Tyson is wrong on all points except that last one.

Milestone case. After buying IBP, the nation’s largest cattle killer for $2.9 billion in 2001, it was caught dead – and dead wrong – in the middle of what is being called the most important event in U.S. livestock history since the passage of the Packers & Stockyards Act of 1921.

In short, when Tyson bought IBP it also bought into Pickett vs. IBP, a 1996 civil lawsuit that alleged IBP was using its market clout to reduce prices paid for cattle not already in IBP’s pocket through direct ownership or contract purchase agreements.

If the world’s biggest chicken plucker was worried, it never let on.

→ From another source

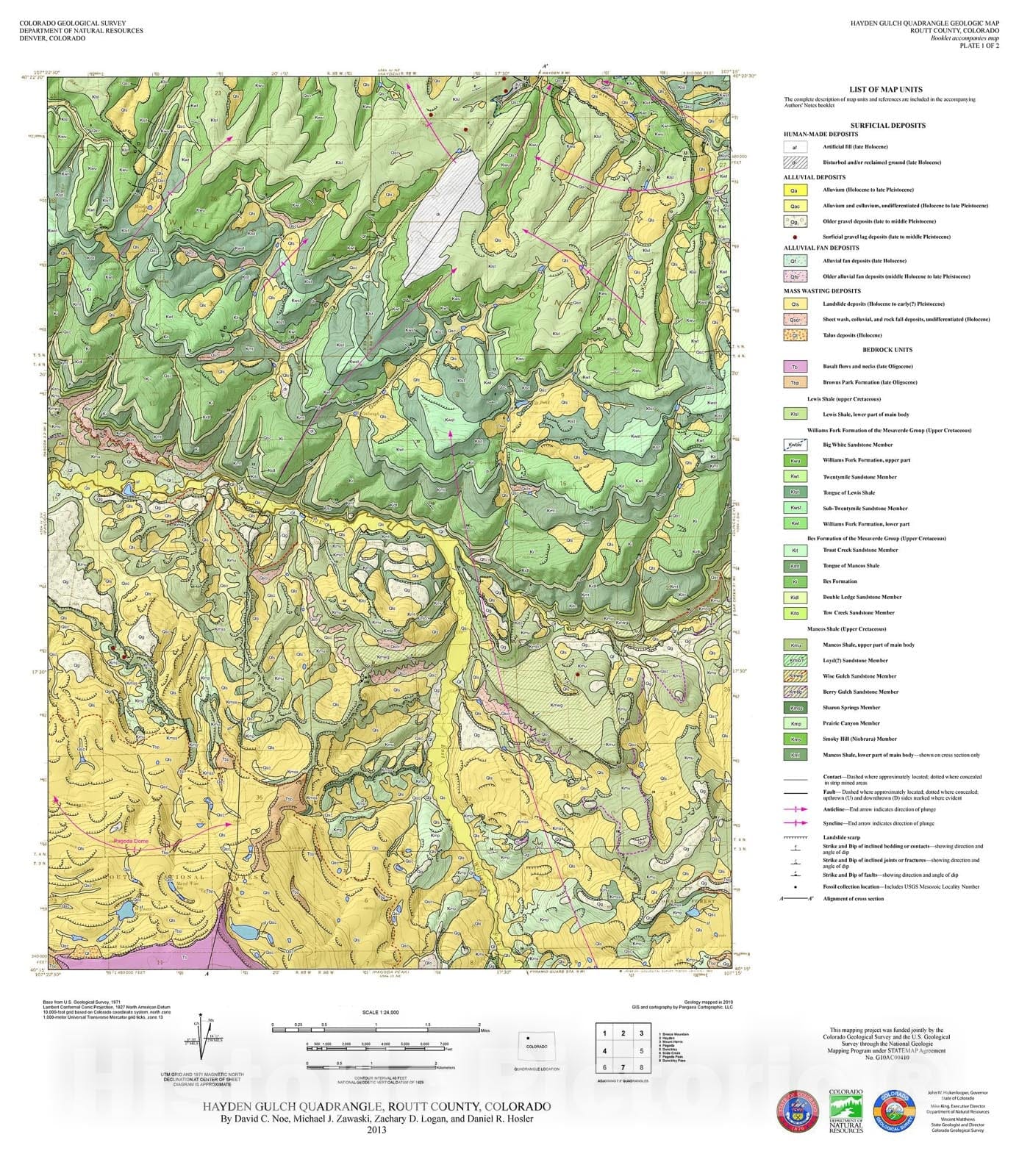 Map : Hayden Gulch Quadrangle Geologic Map, Routt County, Colorado, 2013 Cartography Wall Art :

Unanimous decision. Until Feb. 17 anyway, when an Alabama jury in the federal suit plugged it for a billion-and-change.

Then Tyson squawked like a hen headed for a beheading. It called the unanimous jury decision “only a temporary setback;” the $1.28 billion penalty an “advisory” award; and the cowboy plaintiffs low-down “activists.”

Poor, poor Tyson. The Alabama jury only did what its buddies at the USDA, the market’s legal protector, and friends at the National Cattlemen’s Beef Association, the industry’s self-proclaimed protector, failed to do for years.

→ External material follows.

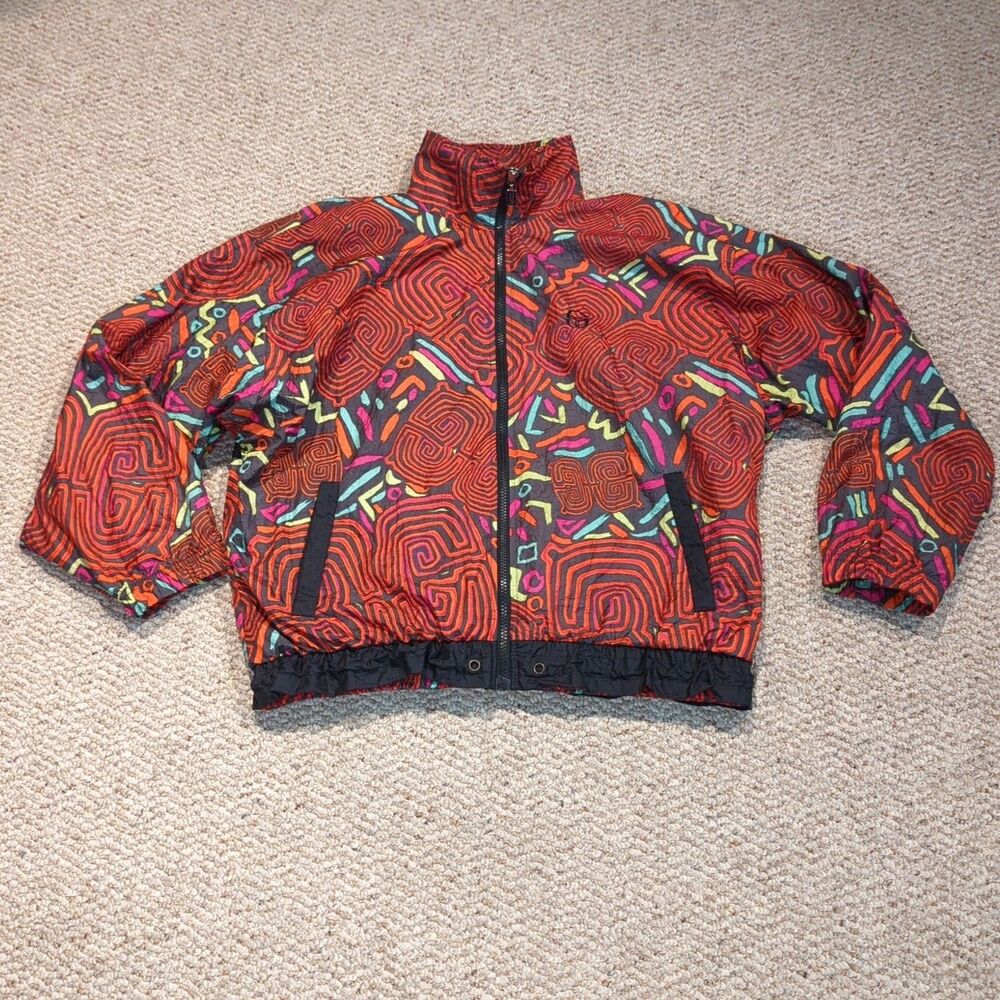 Vintage 90s Sergio Tacchini Tracksuit Windbreaker Jacket Womens 12 Abstract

It took an impartial look at the cattle market and declared it a manipulated, stinking mess.

By the numbers. In trial testimony, Auburn University ag economist C. Robert Taylor put a figure on what the manipulation cost cash cattle sellers.

According to Taylor, for every 100,000 head of captive supply cattle slaughtered by Tyson – estimated at half the 9.5 million head of cattle it slaughters each year – the packer sliced $5.62 per hundredweight off the price it would have paid in a fair, transparent market.

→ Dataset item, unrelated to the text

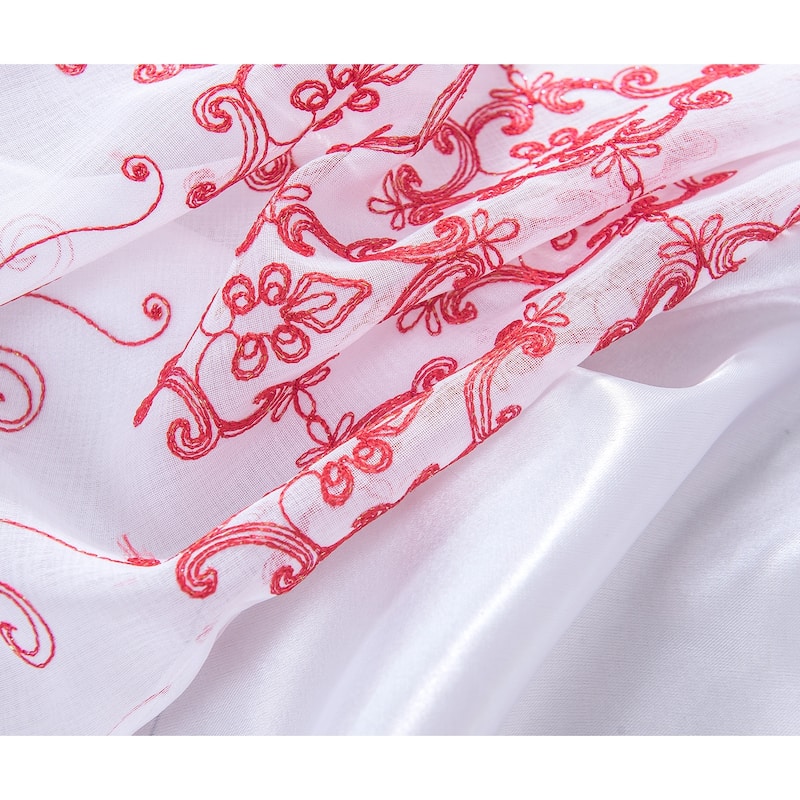 Porch & Den Easterday Damask Embroidered Rod Pocket Single Curtain Panel - 54 x 90 in.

That means between early 1994 and late 2002, the period covered in the lawsuit, calculated Taylor, Tyson-IBP extracted $2.1 billion out of the hide of cattlemen who sold it cattle not under the control of Tyson.

Numbers stand test. During the trial, Tyson attorneys called witnesses they said would impugn Taylor’s numbers and plaintiffs’ claims that it was abusing the market.

Almost every witness, however, provided evidence supporting the cattlemen rather than Tyson.

For example, in explaining how Tyson used contract cattle to keep its kill lines humming, Bruce Bass, the company’s beef-buying boss, admitted Tyson often had more cattle lined up for slaughter than it could stuff through its plants.

When that happened, Bass confessed, he ordered Tyson’s 75-or-so cash market buyers to lower the price the firm offered spot market cattle sellers.

Tyson also argued that its procurement contracts were crucial in ensuring it killed enough high quality cattle to meet the needs of its meat-buying customers. Economist Taylor chopped up that claim with the company’s own data which showed Tyson actually bought 10 percent more high quality cattle on the open market than it did through its closed, formula-priced contracts.

‘Markets are rigged.’ Johnny Smith, a South Dakota cattleman and one of the plaintiffs, says he wasn’t surprised by Tyson’s stumbling performance in court.

“We knew we could win if we got the facts before a jury of our peers,” says Smith. “All we did was show what every cattleman has known to be true for years – today’s cattle markets are rigged.”

And that’s exactly what happened.

Perhaps even more remarkably, the cattlemen won without USDA or NCBA lifting one finger to help at any point in the eight years it took the lawsuit to wind through the courts.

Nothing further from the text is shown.